Further, according to the garbage processing machine of the second aspect of the present invention, in addition to the effect of the garbage processing machine of the first aspect, the cooling of the gas is promoted by the cooling fan that cools the fan case, and the steam is removed. The amount of condensate increases, and the drying of the garbage and the removal of the odor can be performed efficiently.

[Brief description of the drawings]

FIG. 1 is a schematic configuration diagram of a kitchen waste disposal machine as one embodiment.

FIG. 2 is a schematic configuration diagram of a condenser section as a second embodiment.

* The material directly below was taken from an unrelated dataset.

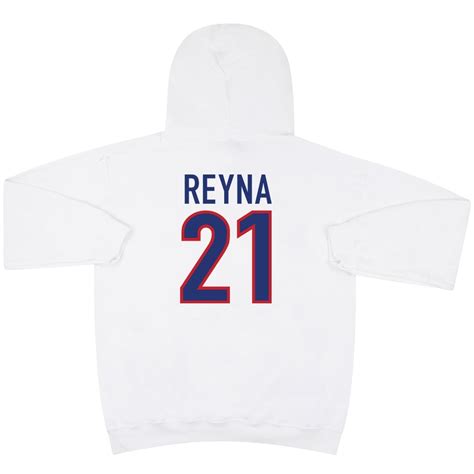 Claudio Reyna #21 1998 USA White Graphic Hooded Top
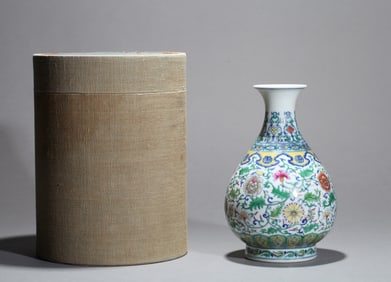 A DOUCAI 'FLORAL' YUHUCHUNPING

FIG. 3 is a schematic configuration diagram of a conventional kitchen waste processing machine.

[Explanation of symbols]

 10 Heating chamber 11 Processing tank 13 Heating chamber 20 Condensing section 21 Fin tube 30 Drainage section 31 S-shaped pipe 39 Return pipe 40 Return section 41 Cooling Fan 42: Circulating fan 43: Gas heater 44: Spray nozzle 45: Fan case 47: Fin

Claims (2)

[Claims] 1. A heating unit for heating kitchen garbage such as garbage, a condenser communicating with the heating unit for cooling a gas containing water vapor generated from the kitchen garbage, and draining water condensed in the condensation unit to the outside. And a circulation fan for forcibly sending back the gas dehumidified in the condensing section to the heating section, wherein a fan case accommodating the blades of the circulation fan functions as the condensing section. Garbage disposal machine characterized by having made it. 2. A garbage disposal machine comprising a cooling fan for cooling said fan case by air.